(Material for the task begins)
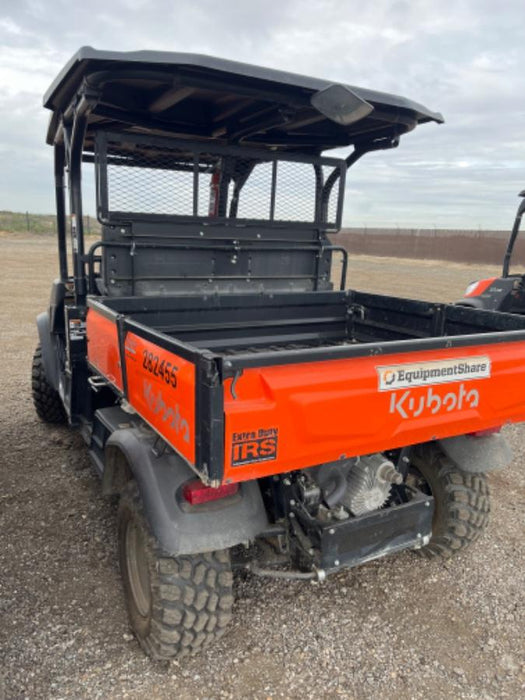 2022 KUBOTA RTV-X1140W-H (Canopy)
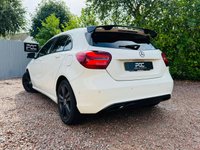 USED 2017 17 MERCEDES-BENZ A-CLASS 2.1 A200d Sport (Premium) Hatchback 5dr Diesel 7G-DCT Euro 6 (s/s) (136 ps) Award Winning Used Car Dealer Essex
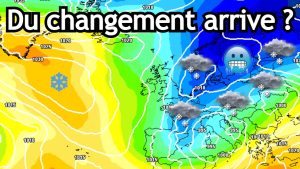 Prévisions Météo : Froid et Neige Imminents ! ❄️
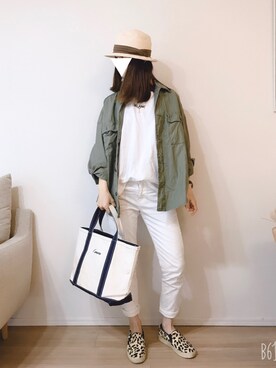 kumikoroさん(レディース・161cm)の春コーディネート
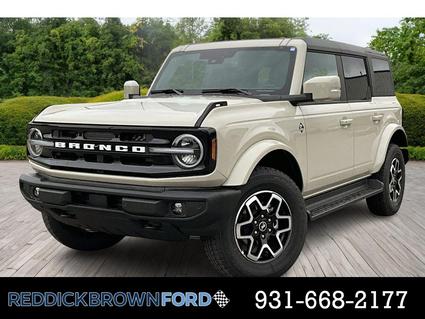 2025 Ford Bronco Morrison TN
(Material for the task ends)
(Material for the task begins)
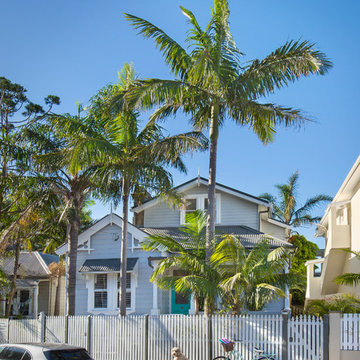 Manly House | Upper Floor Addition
(Material for the task ends)
(Material for the task begins)
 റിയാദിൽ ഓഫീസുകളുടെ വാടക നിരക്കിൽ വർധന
(Material for the task ends)
### Task objective
Repeat exactly the stretch of the listing above that starts with the line holding "kumikoroさん(レディース・161cm)の春コーディネート" and finishes with the line holding "2025 Ford Bronco Morrison TN", both included. Skip every picture.

### Exercise output
 kumikoroさん(レディース・161cm)の春コーディネート
 2025 Ford Bronco Morrison TN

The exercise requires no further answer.